Meet the New Sheriff in Town: Fierce Momma Bear

Well, this was a single parenting first.

The boys were playing with two of the girls in the neighborhood, jumping on the trampoline, shooting hoops, doing the neighborhood do. I keep an ear to the ground when they are playing, and I pray for their wisdom and their safety. I know that one day ‘across the street’ may be ‘across the world’, and the life lessons of today will matter then.

So I let them play and I let life and relationships unfold, and then I’m here. Just in case they need some extra wisdom in their corner. Or in this case, fierce protection.

They tumbled in the door, tripping over one another in a race to be the first to get to me, to be the first to tell his side of the story.

They had gotten in a fight – with each other. Throws and blows.

“He beat me up, Mommy.”
“Well, he punched me in the eye.”
“That’s only because I was afraid.”
Yes, lovey. That’s called protecting yourself.

And then another detail emerged: the little girls had dared Tuck to beat up his brother.

Stop right there. This is not going down this way.

I had several issues before me: brother violence, family loyalty, bullying, peer pressure, and setting boundaries in the new territory. I hardly knew where to begin.

I set them on the couch in front of me. I explained that in ‘our family’- a phrase I used often, since they may very well see something different happen somewhere else, but ‘in our family’ this is true – we do not ever punch, hit, or fight. That’s not how we solve anything.

My heart broke in front of them, the very idea of one brother turning against the other.

We talked about the best friend God gives you in a sibling.
“He’s my BFF? I didn’t even know that.”

We talked about choosing a brother, always.
“Yeah, even if I do mean things to him, he should still be on my side.”
“Well, you shouldn’t do mean things to him. That’s the nature of being on his side.”

And then I knew – I knew that I knew – I needed to wage the raging waters of crossing the street, ring the doorbell, and have a conversation on my own.

I do not love conflict. I do not love confrontation. But I do love my boys. And hell has no fury like a momma bear scorned. These little girls threw my boys into a dog fight, just to see what would happen. We may be new to the neighborhood, but let me tell you: this is not how it’s going to happen around here.

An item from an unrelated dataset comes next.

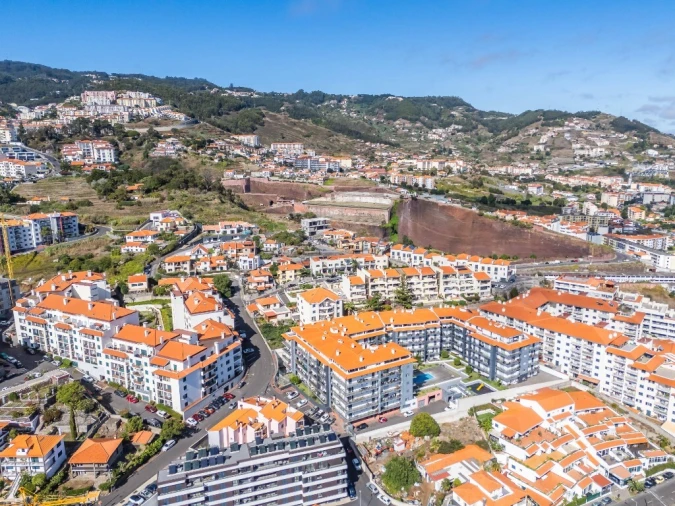 Apartamento T2 para Venda em Caniço Foto 53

Tuck rang the doorbell. We waited. We heard scrambling inside. “Dad! It’s the neighbors! It’s Tucker and Tyler’s Mom!” Yeah, it is.

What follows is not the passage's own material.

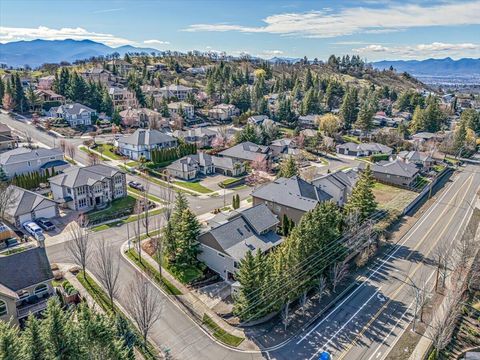 Tiny photo for 4575 Hathaway Drive, Medford, OR 97504 (MLS # 220217440)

Dad came to the door, and I forged into new territory.

“Hi, my name is Tricia, and it’s so good to meet you again. Can you help me with your name? Oh, yes. I remember. Thank you. I just wanted to check in with you tonight. My boys were fighting with each other tonight, and I’m dealing with that issue inside our home, since punching and hitting is not allowed. But they both tell me that your girls dared them to do it, encouraged them to punch one another. So I just wanted to talk with you to see if that’s the story you’ve heard as well.”

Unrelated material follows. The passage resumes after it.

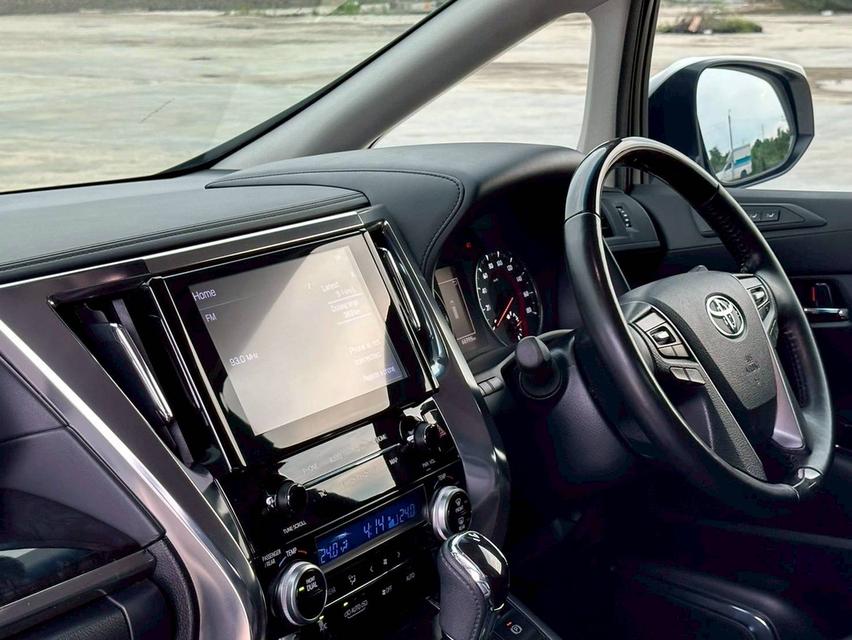 Toyota Alphard 2.5 SC Package MNC ปี 2020 จด 2021 15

He called both girls to the front door. They both confessed.

Yes, we did that.
We don’t know why.
We know it’s wrong.
We won’t anymore.

He sent them to their rooms, grounding them for a day. But as they walked up the stairs, I said, “Girls, we love you both, and we love having you over to play. But I need you to know, in our family, there is no punching allowed. In fact, if you ever see my children hitting or fighting or punching each other, you have my permission to come straight to me. Tell me right away, because they are breaking the rules. So please do not ever, ever encourage or dare them to fight against one another or anyone else. I would love to have you over again soon.”

And I would. In fact, yesterday, those were two of the neighborhood crew whom I paid with chocolate to carry my desk to my writing studio. (Yep. Not above it.)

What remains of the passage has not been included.